An introduction to the h codebase

If you’re new to the team, or to the Hypothesis project, you probably want to get up to speed as quickly as possible so you can make meaningful improvements to h. This document is intended to serve as a brief “orientation guide” to help you find your way around the codebase.

This document is a living guide, and is at risk of becoming outdated as we continually improve the software. If you spot things that are out of date, please submit a pull request to update this document.

This guide was last updated on 11 Apr 2017.

A lightning guide to Pyramid

The h codebase is principally a Pyramid web application. Pyramid is more of a library of utilities than a “framework” in the sense of Django or Rails. As such, the structure (or lack thereof) in our application is provided by our own conventions, and not the framework itself.

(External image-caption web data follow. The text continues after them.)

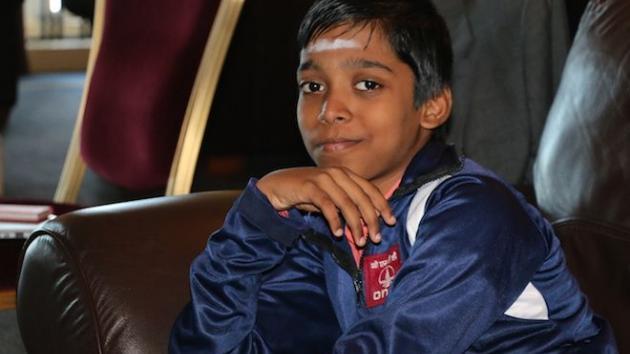 17-year-old GM Rameshbabu Praggnanandhaa joins the 2700 clube of 17 years
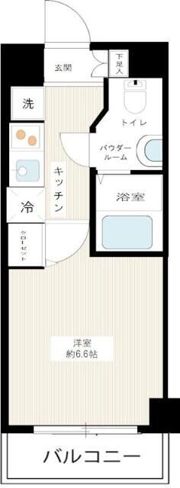 ARCOBALENO MUSASHIKOYAMAの間取り画像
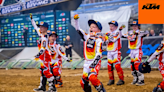 Celebrating Over 25 Years of KTM Junior Supercross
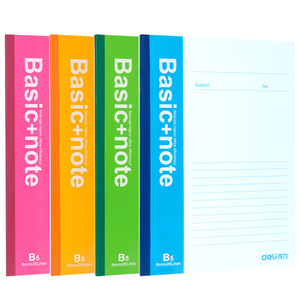 Deli Notebook B5 40 Pages Wireless Binding Soft Cover Business Office Use - Product Image 5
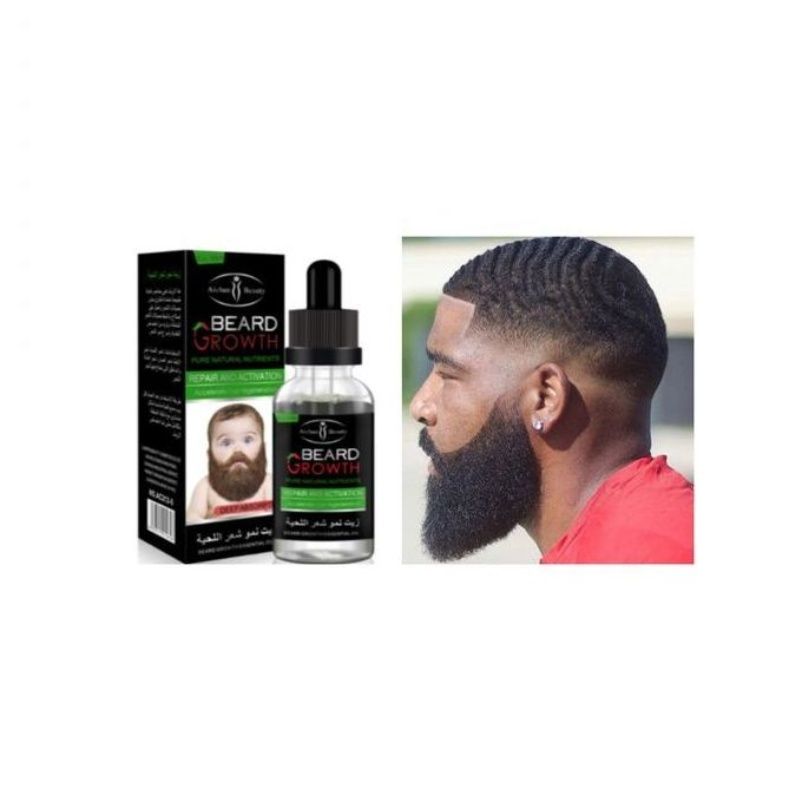 Effective Beard Growth Essential Oil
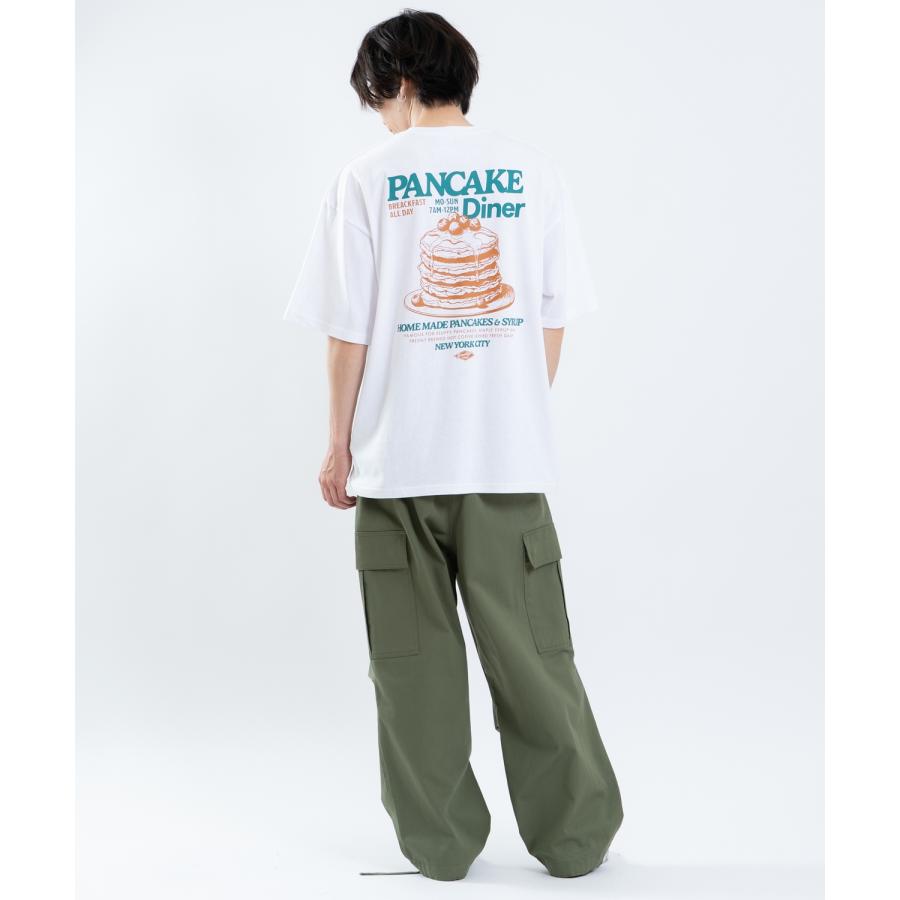 半袖Tシャツ メンズ レディース フォトプリント 綿100 ビッグシルエット SIDEWAY STANCE オーバーサイズ ストリート 古着MIX | improves | 08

Important things to know about Pyramid that may differ from other web application frameworks you’ve used:

Application setup is handled explicitly by a distinct configuration step at boot. You’ll note includeme functions in some modules – these are part of that configuration system.
The request object is passed into views explicitly rather than through a threadlocal (AKA “global variable”), and is often passed around explicitly to provide request context to other parts of the application. This has a number of advantages but can get a bit messy if not managed appropriately.

You can read more about the distinguishing features of Pyramid in the excellent Pyramid documentation.

Application components

The important parts of the h application can be broken down into:

Models

SQLAlchemy models representing the data objects that live in our database. These live in h.models.

Views (and templates)

Views are code that is called in response to a particular request. Templates can be used to render the output of a particular view, typically as HTML.

With a few exceptions, views live in h.views, and templates live in the h/templates/ directory.

Services

Putting business logic in views can quickly lead to views that are difficult to test. Putting business logic in models can lead to model objects with a large number of responsibilities.

As such, we put most business logic into so-called “services.” These are objects with behaviour and (optionally) state, which can be retrieved from the request object.

Services live in h.services.

Tasks

Tasks are bits of code that run in background workers and which can be easily triggered from within the context of a request.

We use Celery for background tasks, and task definitions can be found in h.tasks.

There are a number of other modules and packages in the h repository. Some of these (e.g. h.auth, h.settings) do one-off setup for a booting application. Others may be business logic that dates from before we introduced the services pattern, and thus might be more appropriately moved into a service in the future.